Neither bill made it out of State House or Senate committees. They’re not dead but they’re not exactly alive either. These bills represented a step in the right direction but only a step. Mediocre beer, almost all of which is brewed outside of Minnesota, is widely available. But if you want to try some of the most innovative and compelling beers around, including Minnesota-produced products, you really have to work for them.

First, some definitions. Growlers are reusable glass jugs, typically a half gallon, used to sell tap beer for off-site consumption. Tap beer is beer stored in kegs and dispensed under pressure. Beer is a fermented malt beverage.

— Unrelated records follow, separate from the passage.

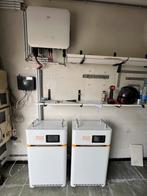 Thuisbatterij 15 kWh LiFePO4, Ophalen of Verzenden, Nieuw, Compleet systeem, 200 wattpiek of meer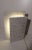 1970s Belgian Square Carrara Marble Table Lamp by Camille Breesch, 1970s For Sale - Image 5 of 14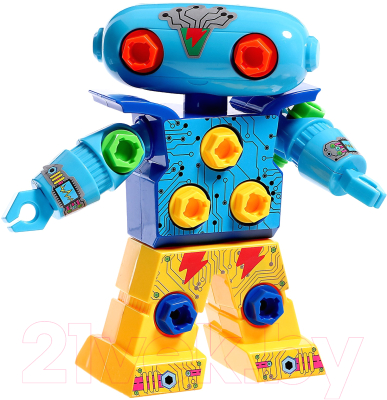 Игрушка-конструктор Unicon Робот Тоби / 9485876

In the past thirty years, two dominant beer trends have emerged. First, people are drinking less beer. Second, people are drinking more small-batch craft beer. We’re trading quantity for quality. But, Minnesota’s beer distribution system isn’t particularly oriented toward the small brewer. Industrial economies of scale don’t match up with artisanal brewing. With demand for flavorless beer dwindling, public policy shifts are in order.

Minnesota can preserve its public health and public safety mandates while helping Minnesota’s entrepreneurial craft beer industry grow. Great beer will find an audience but its brewers don’t need rigid state regulatory policy making it any harder than it needs to be.